暑さ、寒さの気温条件が厳しい時や、長時間のデスクワーク、あるいは激しい運動をしたときには自律神経への負荷は高まり疲弊していきます。すると自律神経中枢はサイトカイン(コロナ関連で耳にした方も多いと思いますが、指令を伝える物質です。)を通じて、脳の眼窩前頭野(がんかぜんとうや)と呼ばれる場所に”自律神経が疲れた”と信号を送ります。その信号を受けた眼窩前頭野はそれ以上自律神経に負荷をかけないために{身体が疲れた}という信号に変換して発信します。これが疲労感です。つまり、眼窩前頭野は自律神経の疲れを身体の疲れと感じるように信号を送り、身体のコントロールタワー 自律神経を守っているのです。簡単に言えば「これ以上自律神経を酷使すると危険だから休め」ということです。

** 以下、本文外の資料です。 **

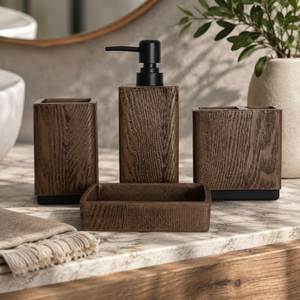 Solid Acacia <b>Wood</b> <b>Bathroom</b> <b>Accessories</b> Collection <b>Bathroom</b> Storage Organizer Rectangle Minimalist Makeup Brush Holder Tray - Product Image 6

 電車などでコロッと眠ってしまった経験やベッドに入った瞬間眠ってしまった経験が多くの方にはあると思います。これを”寝落ち”と呼ぶのですが、これは睡眠の質が悪かったり、寝不足だったりが原因で起こります。当然と思われるでしょうが、この状態は脳が強制的に意識をシャットダウンし、すぐに休息をとるように仕向けているのです。つまり、良すぎる寝つきは自律神経の疲れを表しているのです。よく眠ったはずなのに翌朝に疲れを感じるのも自律神経の疲労が回復していない証左ですので、意識して自律神経を休めるようにいたしましょう。

 前回に引き続き誤った#あるある#疲労回復法をお伝えしましょう。
 夏に多いのですが、疲れている時にはスタミナ食(うなぎや焼き肉など)、いわゆる昔から伝えられている精のつくものを食べて疲労回復を図ろうとする方は多いのではないでしょうか?スタミナ食には脂肪が多い食材が選ばれるのが特徴です。脂肪は胃腸に負担がかかるためより疲れてしまいます。こうした時には内臓に負担が少ない消化のよい食材を選び、一定程度疲労が回復してからスタミナ食を楽しむことがお薦めです。抗酸化力はあまり高くありませんが、激しい運動や長時間の仕事での疲れを緩和させるには、酸味のある梅干しやレモン、黒酢を利用したお料理が良いようです。前々回お話いたしました糖化予防にもなりますので、一石二鳥ですね。